Tebbun'un Paris ziyareti öncesi Cezayir ile Fransa arasında ekonomik ortaklıklara hazırlık çalışmaları

Her iki taraf da hafıza ve sömürgeciliğin sonuçları meselesini aşmak istiyor

Cezayir İşverenler Derneği Başkanı (sağda) ve Fransa İşverenler ve Sanayiciler Derneği (MEDEF) Başkanı (Şarku’l Avsat)
Cezayir İşverenler Derneği Başkanı (sağda) ve Fransa İşverenler ve Sanayiciler Derneği (MEDEF) Başkanı (Şarku’l Avsat)
TT

Tebbun'un Paris ziyareti öncesi Cezayir ile Fransa arasında ekonomik ortaklıklara hazırlık çalışmaları

Cezayir İşverenler Derneği Başkanı (sağda) ve Fransa İşverenler ve Sanayiciler Derneği (MEDEF) Başkanı (Şarku’l Avsat)
Cezayir İşverenler Derneği Başkanı (sağda) ve Fransa İşverenler ve Sanayiciler Derneği (MEDEF) Başkanı (Şarku’l Avsat)

Cezayir İşverenler Derneği ve Fransa İşverenler ve Sanayiciler Derneği (MEDEF) Cezayir Cumhurbaşkanı Abdulmecid Tebbun'un haziran ayı ortalarında Paris'e yapacağı ziyaret çerçevesinde Cezayir ve Fransa hükümetlerine öneriler sunmak amacıyla bir ‘ekonomi ve üretim ortaklığı forumu’ düzenlemek için hazırlıklara başladılar.

Cezayir Ekonomik Yenileme Konseyi (CREA) Başkanı Kemal Mevla, sosyal medya hesabından yaptığı açıklamada, 3 Mayıs’ta Paris'te MEDEF yetkilileriyle görüştüğünü duyurdu. (iki ülke CREA Başkanı Mevla, iki ülke arasındaki görüşmelerin işbirliği anlaşmaları çerçevesinde gerçekleştiğini kaydederek üretimle ilgili ortaklıklar kurmak için Paris'te Cezayir-Fransa Ortak İş Forumu’nun hazırlıklarının ele alındığını açıkladıysa da forumun ne zaman yapılacağıyla ilgili detay vermekten kaçındı. Mevla, açıklamalarına MEDEF Uluslararası İşbirliği Şubesi Başkanı Philippe Gautier ile gerçekleştirdiği görüşmeden bir fotoğrafı da ekledi.

Al-Shorouk gazetesinin internet sitesinde bu konuda yer alan haberde, her iki ülkenin işverenlerinin inşaat, bayındırlık, gıda sektörleri ve otomotiv sektöründe ortaklıklar istediği belirtildi.
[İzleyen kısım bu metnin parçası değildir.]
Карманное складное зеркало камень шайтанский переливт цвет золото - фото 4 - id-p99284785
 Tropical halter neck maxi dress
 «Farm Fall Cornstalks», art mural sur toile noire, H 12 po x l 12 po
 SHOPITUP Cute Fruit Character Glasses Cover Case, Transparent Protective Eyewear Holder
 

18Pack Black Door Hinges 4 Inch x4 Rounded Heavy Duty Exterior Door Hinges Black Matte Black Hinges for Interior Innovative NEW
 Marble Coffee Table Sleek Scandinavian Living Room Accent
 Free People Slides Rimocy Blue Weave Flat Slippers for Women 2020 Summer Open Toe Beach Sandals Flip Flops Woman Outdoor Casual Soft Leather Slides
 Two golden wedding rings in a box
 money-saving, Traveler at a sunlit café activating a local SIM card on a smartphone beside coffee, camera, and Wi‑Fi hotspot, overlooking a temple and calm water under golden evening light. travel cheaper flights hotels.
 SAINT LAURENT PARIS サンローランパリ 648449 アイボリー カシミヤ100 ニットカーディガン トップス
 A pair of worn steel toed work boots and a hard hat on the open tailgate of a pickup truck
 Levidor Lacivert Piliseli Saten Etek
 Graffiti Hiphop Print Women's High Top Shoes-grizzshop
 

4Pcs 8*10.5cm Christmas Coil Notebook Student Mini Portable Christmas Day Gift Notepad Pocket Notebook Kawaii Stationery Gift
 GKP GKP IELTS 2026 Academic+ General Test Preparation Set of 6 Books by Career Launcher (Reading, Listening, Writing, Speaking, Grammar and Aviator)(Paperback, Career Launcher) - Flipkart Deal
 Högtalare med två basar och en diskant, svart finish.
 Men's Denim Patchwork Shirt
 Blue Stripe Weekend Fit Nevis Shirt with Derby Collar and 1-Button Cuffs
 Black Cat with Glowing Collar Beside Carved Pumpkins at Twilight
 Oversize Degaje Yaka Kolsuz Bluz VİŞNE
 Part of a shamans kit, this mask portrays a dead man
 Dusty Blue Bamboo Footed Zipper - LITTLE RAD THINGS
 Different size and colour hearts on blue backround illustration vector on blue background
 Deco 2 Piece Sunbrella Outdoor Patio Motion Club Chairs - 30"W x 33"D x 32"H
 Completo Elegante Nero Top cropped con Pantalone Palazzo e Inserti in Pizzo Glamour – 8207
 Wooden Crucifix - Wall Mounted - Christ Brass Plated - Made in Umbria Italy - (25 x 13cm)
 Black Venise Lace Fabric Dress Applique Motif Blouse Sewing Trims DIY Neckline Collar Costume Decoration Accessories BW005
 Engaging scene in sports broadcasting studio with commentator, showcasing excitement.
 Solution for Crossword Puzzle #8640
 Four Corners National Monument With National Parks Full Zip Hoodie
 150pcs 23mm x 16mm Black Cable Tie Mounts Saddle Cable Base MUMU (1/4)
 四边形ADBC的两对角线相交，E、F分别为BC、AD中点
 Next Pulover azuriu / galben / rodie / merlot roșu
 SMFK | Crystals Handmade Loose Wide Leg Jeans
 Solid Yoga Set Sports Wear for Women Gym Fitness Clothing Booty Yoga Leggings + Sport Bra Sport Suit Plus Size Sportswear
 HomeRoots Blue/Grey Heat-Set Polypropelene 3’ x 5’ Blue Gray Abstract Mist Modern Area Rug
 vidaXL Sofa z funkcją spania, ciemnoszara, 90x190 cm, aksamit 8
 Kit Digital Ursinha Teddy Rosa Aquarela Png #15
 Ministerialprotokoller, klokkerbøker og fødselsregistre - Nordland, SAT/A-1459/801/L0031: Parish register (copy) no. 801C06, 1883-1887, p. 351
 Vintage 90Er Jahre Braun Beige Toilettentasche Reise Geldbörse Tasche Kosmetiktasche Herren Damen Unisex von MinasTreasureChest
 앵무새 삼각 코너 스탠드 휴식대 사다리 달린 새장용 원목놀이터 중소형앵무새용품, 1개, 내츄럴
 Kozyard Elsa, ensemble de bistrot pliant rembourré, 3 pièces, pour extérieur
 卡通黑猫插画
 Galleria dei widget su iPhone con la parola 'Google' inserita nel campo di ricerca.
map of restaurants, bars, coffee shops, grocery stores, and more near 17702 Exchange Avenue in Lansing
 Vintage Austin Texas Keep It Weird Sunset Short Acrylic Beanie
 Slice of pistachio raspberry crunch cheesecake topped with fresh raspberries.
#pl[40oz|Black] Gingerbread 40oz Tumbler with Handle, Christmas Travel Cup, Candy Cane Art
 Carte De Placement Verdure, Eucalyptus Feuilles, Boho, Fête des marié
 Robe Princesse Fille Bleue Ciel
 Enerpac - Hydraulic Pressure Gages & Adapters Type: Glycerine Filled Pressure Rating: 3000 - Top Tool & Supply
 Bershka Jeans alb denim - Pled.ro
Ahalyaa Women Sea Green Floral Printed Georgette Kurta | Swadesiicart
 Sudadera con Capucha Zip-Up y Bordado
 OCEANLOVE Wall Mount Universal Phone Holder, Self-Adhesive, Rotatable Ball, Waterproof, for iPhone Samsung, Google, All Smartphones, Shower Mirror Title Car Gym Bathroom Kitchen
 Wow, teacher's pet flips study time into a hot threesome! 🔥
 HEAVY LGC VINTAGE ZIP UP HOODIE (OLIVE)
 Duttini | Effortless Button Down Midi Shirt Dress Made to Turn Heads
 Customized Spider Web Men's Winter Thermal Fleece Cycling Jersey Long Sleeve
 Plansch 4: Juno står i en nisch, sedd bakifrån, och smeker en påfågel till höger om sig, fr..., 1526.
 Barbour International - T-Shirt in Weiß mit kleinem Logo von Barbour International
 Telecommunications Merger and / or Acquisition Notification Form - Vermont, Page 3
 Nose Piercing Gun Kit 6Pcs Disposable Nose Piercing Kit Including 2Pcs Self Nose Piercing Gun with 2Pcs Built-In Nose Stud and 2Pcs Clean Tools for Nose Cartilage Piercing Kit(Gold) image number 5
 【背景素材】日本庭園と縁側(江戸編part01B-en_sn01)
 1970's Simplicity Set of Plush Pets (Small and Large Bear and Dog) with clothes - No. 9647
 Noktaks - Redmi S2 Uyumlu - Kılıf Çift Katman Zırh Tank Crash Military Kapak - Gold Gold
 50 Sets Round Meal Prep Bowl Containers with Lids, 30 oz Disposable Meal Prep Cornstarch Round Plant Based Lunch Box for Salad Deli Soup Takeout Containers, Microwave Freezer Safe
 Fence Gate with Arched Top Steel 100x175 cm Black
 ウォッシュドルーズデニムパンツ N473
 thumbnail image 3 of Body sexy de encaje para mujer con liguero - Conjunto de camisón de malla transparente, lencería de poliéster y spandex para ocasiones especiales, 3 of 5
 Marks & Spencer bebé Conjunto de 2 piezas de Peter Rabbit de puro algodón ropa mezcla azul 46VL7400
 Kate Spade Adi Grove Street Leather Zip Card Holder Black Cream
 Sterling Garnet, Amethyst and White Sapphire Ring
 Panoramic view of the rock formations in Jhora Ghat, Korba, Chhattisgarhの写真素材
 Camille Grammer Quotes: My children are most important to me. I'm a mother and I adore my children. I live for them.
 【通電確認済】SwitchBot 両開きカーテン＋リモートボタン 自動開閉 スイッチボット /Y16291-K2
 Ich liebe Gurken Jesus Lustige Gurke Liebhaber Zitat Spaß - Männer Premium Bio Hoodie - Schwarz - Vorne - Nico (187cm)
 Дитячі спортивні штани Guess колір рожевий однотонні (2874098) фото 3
Gazete, Cezayir-Fransa Ticaret ve Sanayi Odası'nın 7-11 Mayıs tarihleri ​​arasında Cezayir'de düzenlenecek 25. Uluslararası Yapı, İnşaat Malzemeleri ve Bayındırlık Fuarı'nda yer alacağını da aktardı.

Cezayirli siyasi kaynaklar, Cumhurbaşkanı Tebbun’nun Paris ziyareti öncesinde iki ülkenin işverenler dernekleri arasındaki görüşmelerin, Fransa Cumhurbaşkanı Emmanuel Macron'un 2022 yılının ağustos ayı sonlarında Cezayir'e gerçekleştirdiği ilk ziyarette imzalanan ‘Cezayir ile Fransa arasında yenilenen ortaklık anlaşması’ çerçevesinde gerçekleştiğini teyit ettiler. Anlaşmada, ‘Cezayir’in 60 yıl önce bağımsızlığını kazanmasından sonra iki ülkenin ilişkilerini tarihsel bağlarının derinliği ve iş birliğinin yoğunluğu ile orantılı, sürekli ilerlemenin dinamik bir çerçevesine dahil etme taahhütlerini yeniledikleri’ belirtildi. Anlaşmada ayrıca ‘iki ülke arasındaki istisnai ilişkiyi ve dostluklarını, iş birliği ve ortaklık alanındaki başarılarını güçlendirmede kararlılığın önemi’ vurgulandı.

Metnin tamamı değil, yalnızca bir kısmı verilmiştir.